Luther entwickelt ein mystisches Bußverständnis

Der Tübinger Kirchenhistoriker Volker Leppin erklärte auf der DHI-Tagung, Luther habe im Laufe seines Lebens ein mystisches Bußverständnis entwickelt. Das katapultierte ihn schlussendlich aus der mittelalterlichen, sakramental orientierten Theologie heraus. Dass die Menschen sich weniger vor der Sünde als vor der aus ihr hervorgehenden Strafe fürchten – dies sei laut Leppin die Essenz von Luthers Ablasskritik gewesen.

Luthers existenzielles Bußverständnis erklärte die Kirche als Mittler zwischen Gott und den Menschen für überflüssig und stellte allein auf das in der Bibel verkündete Evangelium ab. Die Gnade sei bereits durch Christus gewirkt, der Mensch könne sie bloß noch glaubend empfangen. Dass die Kurie aus dem Gnadenschatz nach hausgemachten Regeln verteilte, um ihn in einen Goldschatz zu verwandeln, musste Luther missfallen. Dies nicht nur deshalb, weil ihm die Kapitalisierung ein Graus war, sondern weil er den Ablass, ob nun verschenkt oder verkauft, im Ganzen für falsch hielt.

Bis heute spielt der Ablass im katholischen Glauben eine Rolle

Die Kirche aber pochte weiter auf ihr Recht, Ablässe zu verteilen, auch wenn sie den Handel im 16. Jahrhundert unter Strafe stellte. Bei aller gegenreformatorischen Agitation hat die Kirche also Teile von Luthers Ablasskritik in die eigene Theologie integriert. „Der Ablass als solcher wurde jedoch mehr als vorher zu einem Identitätsmoment des Katholizismus“, sagt Winterhager. Demnach versteifte man sich auf den Ablass als Differenzmarker gegenüber den reformatorischen Kirchen und profilierte das Eigene in Abgrenzung zum anderen.

Noch heute spielt der Ablass im katholischen Glauben eine Rolle, auch wenn das Fegefeuer – in dem die zeitlichen Sündenstrafen zu erdulden wären – dort inzwischen überholt ist.
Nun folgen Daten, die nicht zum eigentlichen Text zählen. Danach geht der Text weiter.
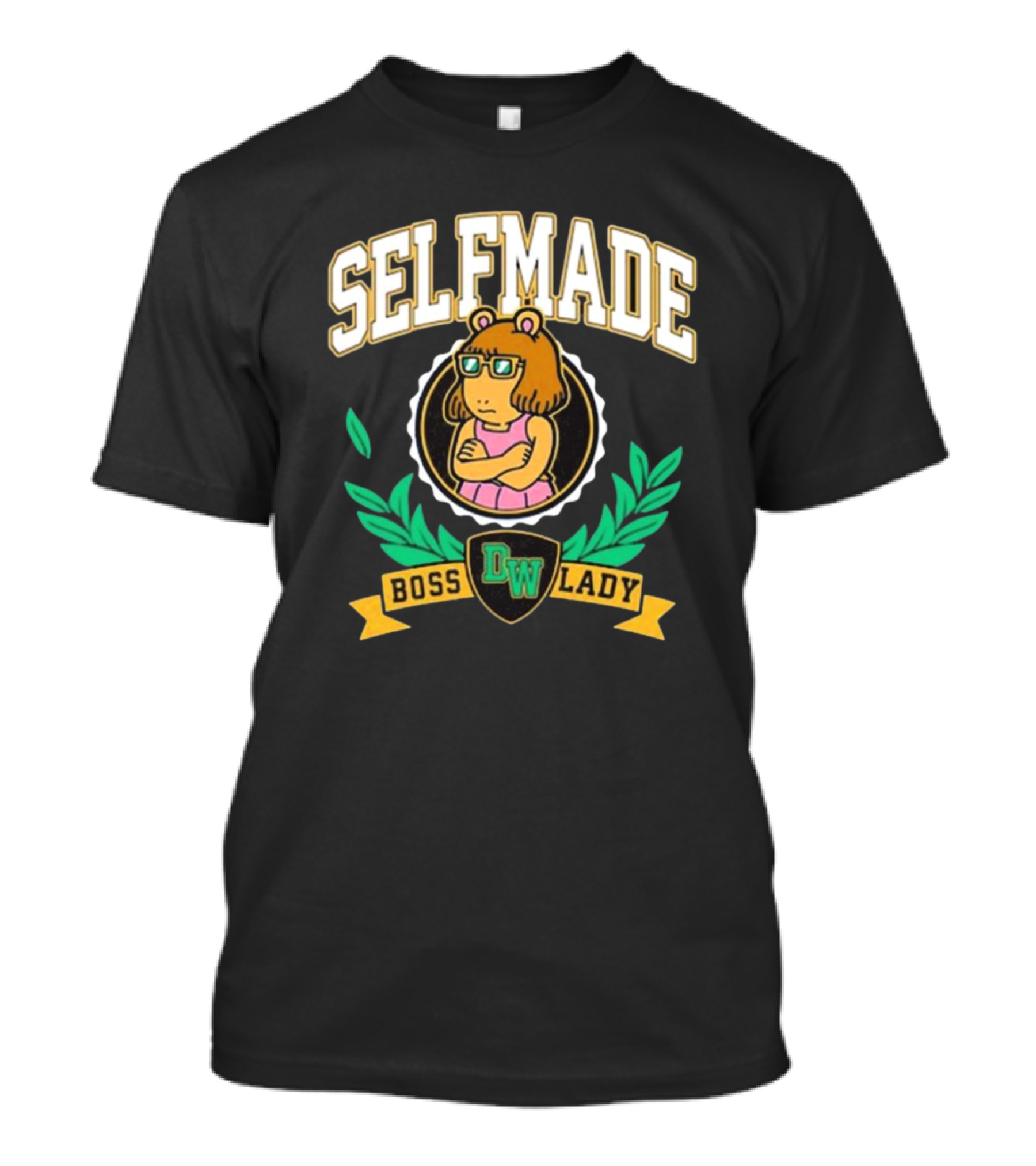 Selfmade D.W. Boss Lady Meme T-Shirt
Im Jahr 2016 feiert die Kirche ein außerordentliches Jubeljahr, in dem die Gläubigen einen Generalablass erwirken können. Jeder, der dem Papst bei seiner Predigt lauscht – ob live, ob im Fernsehen oder via Internet –, habe bei angemessener innerlicher Disposition die Möglichkeit, in den Stand der Gnade zu gelangen. Ein Jahr später ist dann Lutherjahr. Und es ist sicher kein Zufall, dass der ökumenisch aufgeschlossene Papst Franziskus ausgerechnet 2017 einen Besuch in Deutschland, dem Kernland der Reformation, geplant hat.